Work instruction: Determine how many lines below contain the word "Leather", then write that number by itself.

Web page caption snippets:
========
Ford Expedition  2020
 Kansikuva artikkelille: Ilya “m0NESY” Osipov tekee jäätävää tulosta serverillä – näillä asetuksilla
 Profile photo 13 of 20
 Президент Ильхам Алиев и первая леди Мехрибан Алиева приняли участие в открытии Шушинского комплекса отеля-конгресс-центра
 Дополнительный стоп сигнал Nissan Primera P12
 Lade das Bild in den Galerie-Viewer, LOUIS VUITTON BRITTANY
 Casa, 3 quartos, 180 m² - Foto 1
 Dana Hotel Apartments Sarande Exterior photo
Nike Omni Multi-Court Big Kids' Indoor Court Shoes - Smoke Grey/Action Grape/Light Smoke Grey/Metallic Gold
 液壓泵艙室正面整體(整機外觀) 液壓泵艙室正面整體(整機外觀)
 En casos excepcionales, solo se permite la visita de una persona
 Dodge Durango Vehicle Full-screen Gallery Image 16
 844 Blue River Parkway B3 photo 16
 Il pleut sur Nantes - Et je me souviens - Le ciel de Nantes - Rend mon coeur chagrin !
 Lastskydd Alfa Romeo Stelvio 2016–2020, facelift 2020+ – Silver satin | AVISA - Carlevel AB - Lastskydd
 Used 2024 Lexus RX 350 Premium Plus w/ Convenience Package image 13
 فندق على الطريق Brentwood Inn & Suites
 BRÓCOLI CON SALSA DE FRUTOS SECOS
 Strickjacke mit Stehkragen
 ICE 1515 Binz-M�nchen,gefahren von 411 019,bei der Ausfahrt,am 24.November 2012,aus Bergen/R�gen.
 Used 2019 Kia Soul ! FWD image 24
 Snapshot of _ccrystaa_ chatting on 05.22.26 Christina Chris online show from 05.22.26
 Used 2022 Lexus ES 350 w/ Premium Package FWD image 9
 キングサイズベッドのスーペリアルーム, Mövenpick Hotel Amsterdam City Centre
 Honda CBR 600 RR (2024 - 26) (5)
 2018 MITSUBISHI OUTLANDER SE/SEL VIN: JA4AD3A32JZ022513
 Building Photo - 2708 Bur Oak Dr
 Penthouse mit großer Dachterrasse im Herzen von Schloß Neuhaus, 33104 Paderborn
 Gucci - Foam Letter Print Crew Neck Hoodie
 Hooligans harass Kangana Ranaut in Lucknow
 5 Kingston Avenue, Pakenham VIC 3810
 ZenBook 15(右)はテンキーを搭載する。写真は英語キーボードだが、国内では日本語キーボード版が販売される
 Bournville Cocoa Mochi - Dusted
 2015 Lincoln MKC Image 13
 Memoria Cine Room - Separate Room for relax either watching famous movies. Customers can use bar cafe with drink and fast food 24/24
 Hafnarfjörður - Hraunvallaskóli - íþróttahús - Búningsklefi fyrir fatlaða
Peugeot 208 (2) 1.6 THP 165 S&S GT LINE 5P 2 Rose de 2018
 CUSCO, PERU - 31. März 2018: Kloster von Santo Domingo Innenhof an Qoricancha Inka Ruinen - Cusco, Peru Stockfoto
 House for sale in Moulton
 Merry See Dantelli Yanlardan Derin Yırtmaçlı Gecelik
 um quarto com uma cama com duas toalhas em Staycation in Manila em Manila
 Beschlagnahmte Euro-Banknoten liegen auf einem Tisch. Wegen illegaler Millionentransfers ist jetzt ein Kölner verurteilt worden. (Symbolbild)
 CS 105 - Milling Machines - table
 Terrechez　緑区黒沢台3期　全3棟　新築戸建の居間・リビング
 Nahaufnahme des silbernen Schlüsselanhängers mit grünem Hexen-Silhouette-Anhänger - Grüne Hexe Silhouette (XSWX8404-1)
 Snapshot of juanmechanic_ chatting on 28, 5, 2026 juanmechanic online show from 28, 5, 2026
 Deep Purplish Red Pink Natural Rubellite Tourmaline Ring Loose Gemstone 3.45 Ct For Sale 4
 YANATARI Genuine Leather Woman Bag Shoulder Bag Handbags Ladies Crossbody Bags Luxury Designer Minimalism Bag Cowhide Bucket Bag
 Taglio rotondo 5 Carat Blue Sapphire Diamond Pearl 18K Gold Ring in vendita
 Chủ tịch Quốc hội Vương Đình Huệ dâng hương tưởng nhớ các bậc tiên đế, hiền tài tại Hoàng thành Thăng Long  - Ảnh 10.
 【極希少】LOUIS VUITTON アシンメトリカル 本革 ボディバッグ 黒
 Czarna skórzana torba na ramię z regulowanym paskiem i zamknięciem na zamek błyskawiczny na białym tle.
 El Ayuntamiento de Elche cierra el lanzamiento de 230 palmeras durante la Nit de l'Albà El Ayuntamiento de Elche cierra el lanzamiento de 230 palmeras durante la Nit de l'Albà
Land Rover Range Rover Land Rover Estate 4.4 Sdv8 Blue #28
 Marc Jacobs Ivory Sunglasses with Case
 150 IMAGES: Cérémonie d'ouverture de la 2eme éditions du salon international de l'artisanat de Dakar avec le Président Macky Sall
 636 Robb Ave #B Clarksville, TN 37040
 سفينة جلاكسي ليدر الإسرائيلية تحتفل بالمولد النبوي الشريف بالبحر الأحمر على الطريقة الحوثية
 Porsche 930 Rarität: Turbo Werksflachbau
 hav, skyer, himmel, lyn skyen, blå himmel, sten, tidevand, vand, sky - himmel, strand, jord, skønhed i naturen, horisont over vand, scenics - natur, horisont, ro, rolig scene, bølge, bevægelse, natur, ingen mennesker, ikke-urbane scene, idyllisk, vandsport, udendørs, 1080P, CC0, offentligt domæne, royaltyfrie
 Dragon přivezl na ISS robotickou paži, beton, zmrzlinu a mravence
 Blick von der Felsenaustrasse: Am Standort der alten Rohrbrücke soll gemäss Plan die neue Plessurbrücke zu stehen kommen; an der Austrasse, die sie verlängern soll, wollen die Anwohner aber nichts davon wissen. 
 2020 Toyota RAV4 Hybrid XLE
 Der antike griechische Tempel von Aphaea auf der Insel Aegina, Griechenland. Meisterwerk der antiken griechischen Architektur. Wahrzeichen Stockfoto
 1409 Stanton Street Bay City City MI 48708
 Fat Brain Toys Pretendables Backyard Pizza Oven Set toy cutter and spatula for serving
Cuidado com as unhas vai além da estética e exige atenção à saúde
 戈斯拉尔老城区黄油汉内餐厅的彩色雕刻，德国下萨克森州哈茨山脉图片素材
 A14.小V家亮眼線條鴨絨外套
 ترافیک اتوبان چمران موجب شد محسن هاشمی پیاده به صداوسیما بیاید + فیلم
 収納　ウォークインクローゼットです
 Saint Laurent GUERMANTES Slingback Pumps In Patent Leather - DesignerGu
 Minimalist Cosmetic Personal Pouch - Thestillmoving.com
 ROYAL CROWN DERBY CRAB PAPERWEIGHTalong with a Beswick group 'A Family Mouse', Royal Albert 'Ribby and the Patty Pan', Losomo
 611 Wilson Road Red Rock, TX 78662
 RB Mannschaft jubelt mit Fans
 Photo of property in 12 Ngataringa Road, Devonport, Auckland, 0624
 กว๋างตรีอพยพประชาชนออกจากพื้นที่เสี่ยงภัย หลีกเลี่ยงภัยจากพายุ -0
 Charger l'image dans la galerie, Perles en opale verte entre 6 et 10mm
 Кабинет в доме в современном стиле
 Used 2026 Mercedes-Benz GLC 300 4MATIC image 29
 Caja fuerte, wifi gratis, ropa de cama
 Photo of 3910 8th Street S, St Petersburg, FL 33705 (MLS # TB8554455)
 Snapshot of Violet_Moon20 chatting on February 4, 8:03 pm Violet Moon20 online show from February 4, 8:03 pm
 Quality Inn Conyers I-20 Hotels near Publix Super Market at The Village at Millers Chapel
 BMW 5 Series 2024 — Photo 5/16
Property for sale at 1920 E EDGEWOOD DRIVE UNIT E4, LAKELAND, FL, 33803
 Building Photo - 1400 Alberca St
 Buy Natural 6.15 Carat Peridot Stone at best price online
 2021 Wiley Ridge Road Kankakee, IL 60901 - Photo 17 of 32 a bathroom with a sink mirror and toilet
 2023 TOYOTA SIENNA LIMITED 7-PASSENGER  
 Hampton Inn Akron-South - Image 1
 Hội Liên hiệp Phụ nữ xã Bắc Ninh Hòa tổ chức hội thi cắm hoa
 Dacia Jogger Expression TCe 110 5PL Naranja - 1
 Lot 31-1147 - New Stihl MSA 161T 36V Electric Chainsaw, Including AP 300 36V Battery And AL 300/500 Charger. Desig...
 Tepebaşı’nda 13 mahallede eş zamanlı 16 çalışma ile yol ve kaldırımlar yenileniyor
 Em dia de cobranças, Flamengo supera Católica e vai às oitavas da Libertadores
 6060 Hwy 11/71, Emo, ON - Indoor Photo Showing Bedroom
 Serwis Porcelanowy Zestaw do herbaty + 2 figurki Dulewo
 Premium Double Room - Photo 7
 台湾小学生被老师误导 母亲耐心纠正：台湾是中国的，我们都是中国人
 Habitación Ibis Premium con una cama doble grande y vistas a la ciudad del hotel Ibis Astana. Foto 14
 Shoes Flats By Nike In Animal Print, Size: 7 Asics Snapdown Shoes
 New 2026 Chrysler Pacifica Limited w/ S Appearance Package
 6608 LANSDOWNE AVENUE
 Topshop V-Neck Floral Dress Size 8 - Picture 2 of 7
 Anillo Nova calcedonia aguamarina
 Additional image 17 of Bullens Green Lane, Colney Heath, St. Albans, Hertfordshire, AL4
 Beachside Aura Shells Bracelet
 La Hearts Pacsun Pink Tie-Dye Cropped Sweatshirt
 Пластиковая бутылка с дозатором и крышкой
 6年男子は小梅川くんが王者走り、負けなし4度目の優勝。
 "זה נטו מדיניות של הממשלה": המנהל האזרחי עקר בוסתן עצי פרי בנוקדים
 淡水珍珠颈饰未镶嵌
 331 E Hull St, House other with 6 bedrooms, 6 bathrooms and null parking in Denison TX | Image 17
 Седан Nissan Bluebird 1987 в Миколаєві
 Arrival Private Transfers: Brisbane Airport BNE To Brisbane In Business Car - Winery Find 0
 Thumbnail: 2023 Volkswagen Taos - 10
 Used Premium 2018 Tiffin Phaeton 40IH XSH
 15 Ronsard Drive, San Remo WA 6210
========
Answer for this exercise: 2